BEGIN INFORMATION SUPPLIED

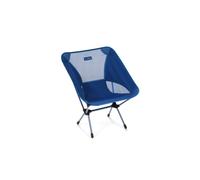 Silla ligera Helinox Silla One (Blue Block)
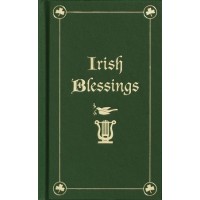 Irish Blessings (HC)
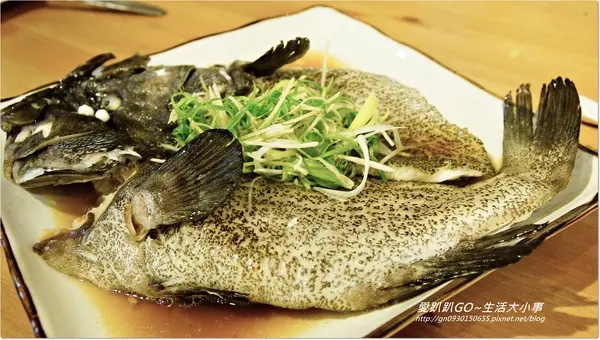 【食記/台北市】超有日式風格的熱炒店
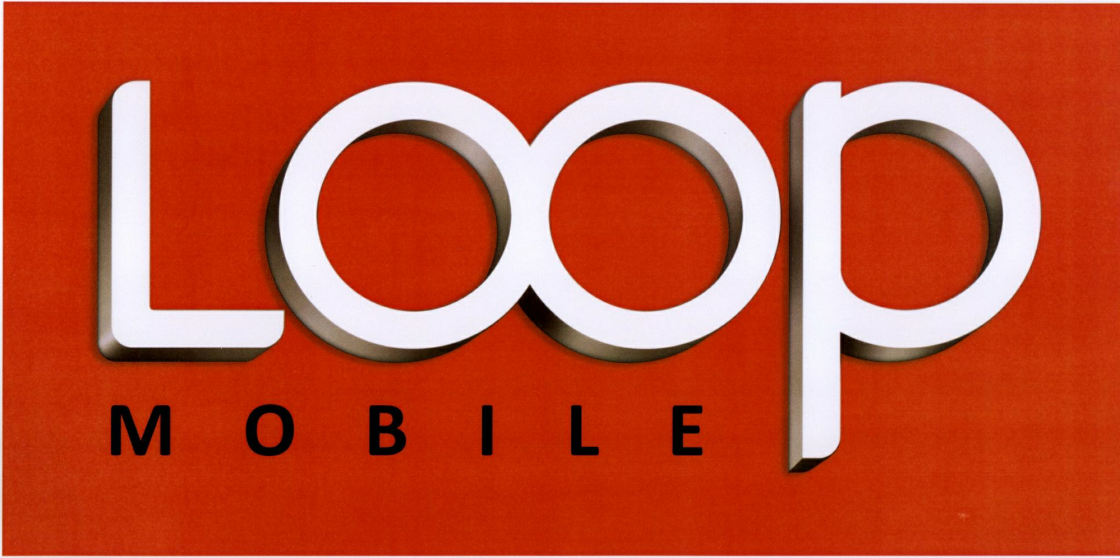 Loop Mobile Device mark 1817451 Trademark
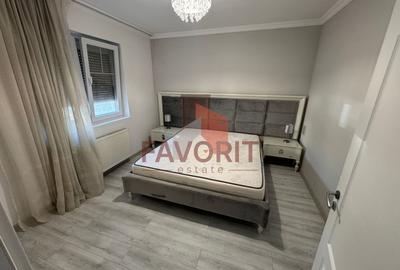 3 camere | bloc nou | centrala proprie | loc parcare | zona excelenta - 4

END INFORMATION SUPPLIED

**PROBLEM DETAILS**: Leave the pictures out and print every record exactly.

**PROBLEM SOLUTION**:
 Silla ligera Helinox Silla One (Blue Block)
 Irish Blessings (HC)
 【食記/台北市】超有日式風格的熱炒店
 Loop Mobile Device mark 1817451 Trademark
 3 camere | bloc nou | centrala proprie | loc parcare | zona excelenta - 4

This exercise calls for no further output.